Jones v. City of Sheboygan
Filing
38
DECISION AND ORDER signed by Magistrate Judge William E Duffin on 8/13/2019. The City of Sheboygan's Motion for Summary Judgment (ECF No. 22 ) is granted and this action is dismissed. (cc: all counsel) (mlm)
UNITED STATES DISTRICT COURT
EASTERN DISTRICT OF WISCONSIN
TYLER JONES,
Plaintiff,
v.
Case No. 18-CV-709
CITY OF SHEBOYGAN,
Defendant.
DECISION AND ORDER GRANTING DEFENDANT’S
MOTION FOR SUMMARY JUDGMENT
Plaintiff Tyler Jones was a maintenance worker for defendant City of Sheboygan.
While driving a City of Sheboygan garbage truck, he collided with another City of
Sheboygan garbage truck. As a result, he was fired. In this lawsuit, Jones alleges that he
was the victim of race discrimination. The City of Sheboygan has moved for summary
judgment. Briefing on the motion is complete and the matter is ready for resolution. All
parties have consented to the jurisdiction of a magistrate judge.
BACKGROUND
Jones began his employment with the City of Sheboygan on March 20, 2017. His
title was Maintenance Worker I. His job duties included collecting garbage and operating
garbage collection equipment.

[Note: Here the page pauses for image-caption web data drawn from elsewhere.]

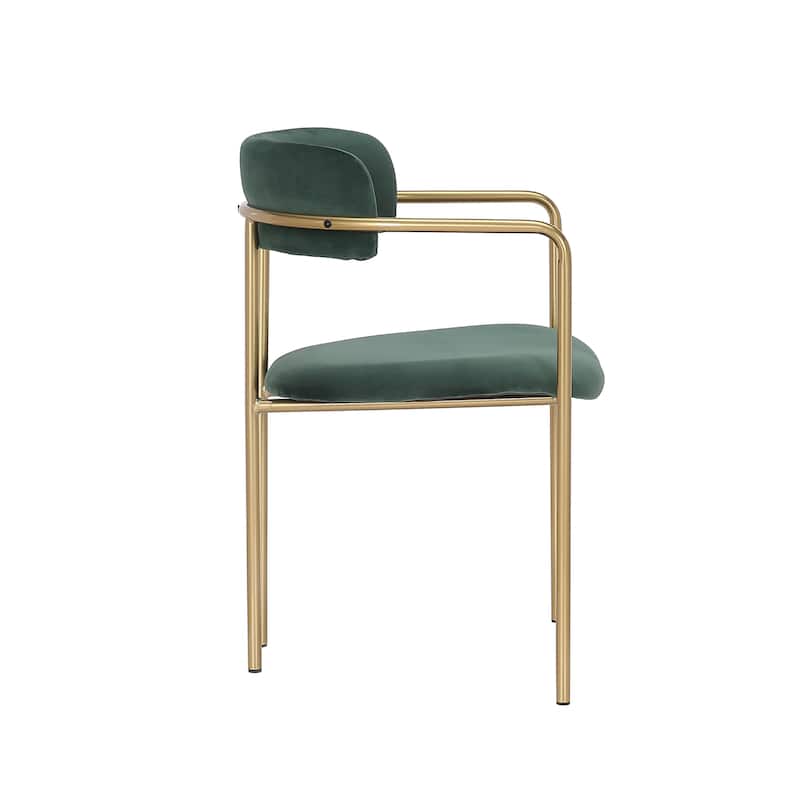 Porthos Home Eder Dining Chairs Set of 2, Velvet, Gold Chrome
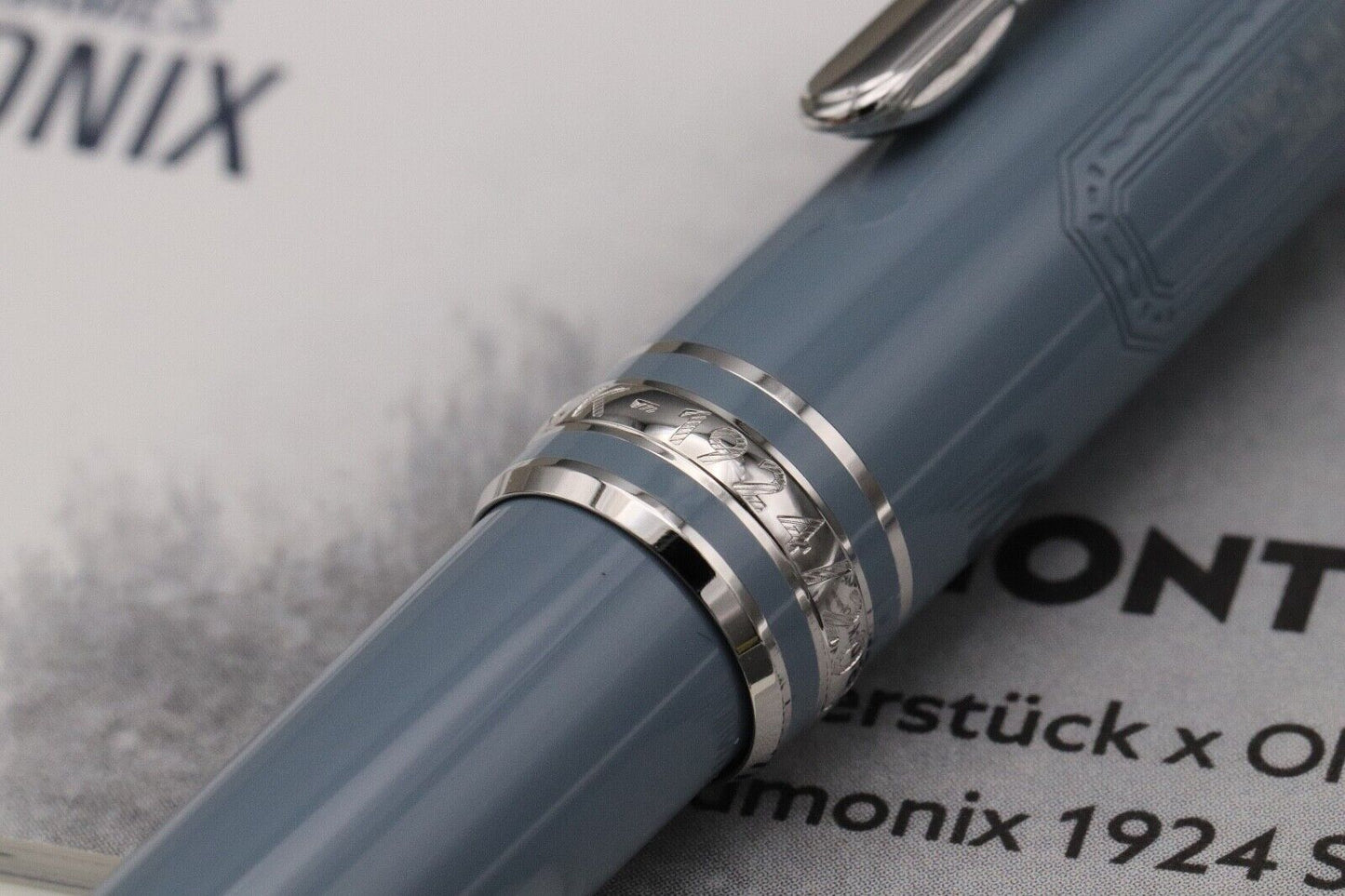Montblanc Meisterstück x Chamonix Olympics 1924 Classique Rollerball Pen UNUSED image 2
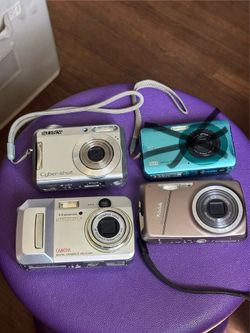 Bunch of digital cameras, Sony Olympus Kodak Casio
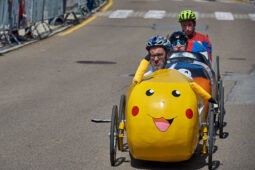 Voiture à pédales, Course, Pikachu, Lucky Luke, Spiderman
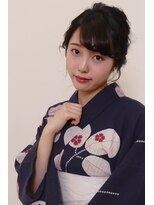 キャンバス(CANVAS)&nbsp;浴衣に合うおくれ毛ほつれ髪ヘアアレンジ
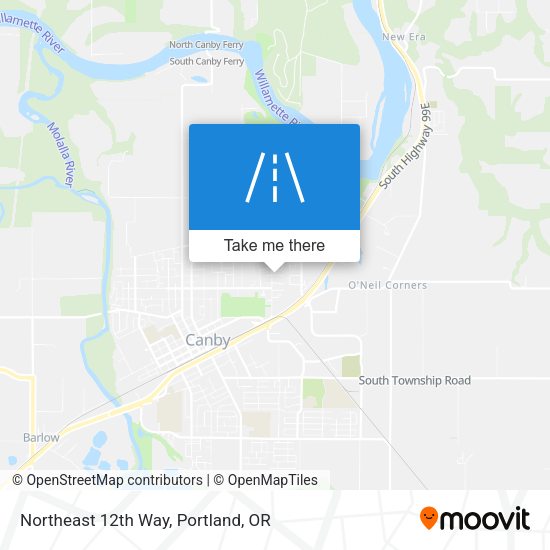 Northeast 12th Way map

As an employee of the City of Sheboygan, Jones was given
an Employee Handbook, which provided in relevant part that the “[f]ailure to follow
safety requirements is a serious offense, subject to corrective action and/or further
discipline, including termination of employment, for even the first offense (depending on
the degree of the violation).” Jones was also given an Orientation Checklist for Sanitation
Operators, which stated that, “[w]hen backing, go slow and use a spotter.”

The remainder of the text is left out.